O n.º 49, sob a epígrafe “União da Igreja celeste com a Igreja peregrina(capítulo VIIíndole escatológica da Igreja peregrina e sua união com a Igreja celeste), ensina:  
Enquanto o Senhor não vier na Sua majestade (…) e (…) tudo Lhe for submetido, dos Seus discípulos uns peregrinam sobre a terra, outros, passada esta vida, são purificados, outros são glorificados e contemplam ‘claramente Deus trino e uno, como Ele é’; todos, porém, comungamos (…) no mesmo amor de Deus e do próximo, e todos entoamos ao nosso Deus o mesmo hino de louvor. (…) E não se interrompe a união dos que ainda caminham sobre a terra com os irmãos que adormeceram na paz de Cristo, mas, segundo a constante fé da Igreja, é reforçada pela comunicação dos bens espirituais.”. 

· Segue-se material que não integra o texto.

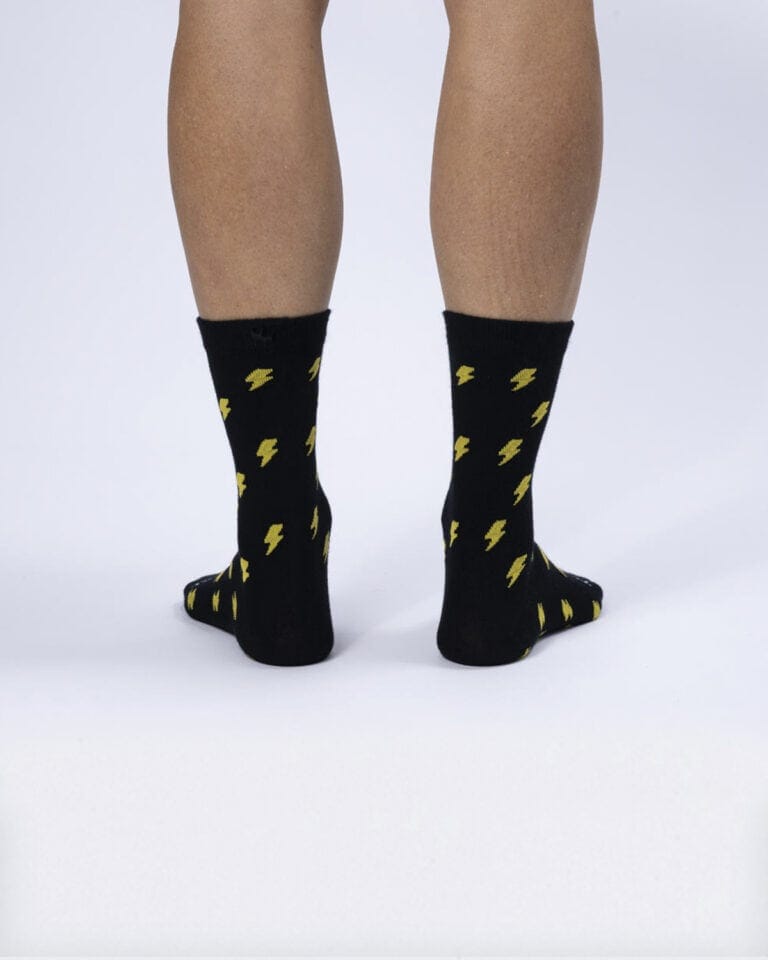 Casual Lightning Sokken Zwart - Afbeelding 2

E, finalmente, o n.º 68 estabelece a conexão entre Maria e a Igreja peregrina na esperança:
A Mãe de Jesus, assim como, glorificada já em corpo e alma, é imagem e início da Igreja que se há de consumar no século futuro, também, na terra, brilha como sinal de esperança segura e de consolação, para o Povo de Deus ainda peregrinante, até que chegue o dia do Senhor (cf 2 Pe 3,10).”.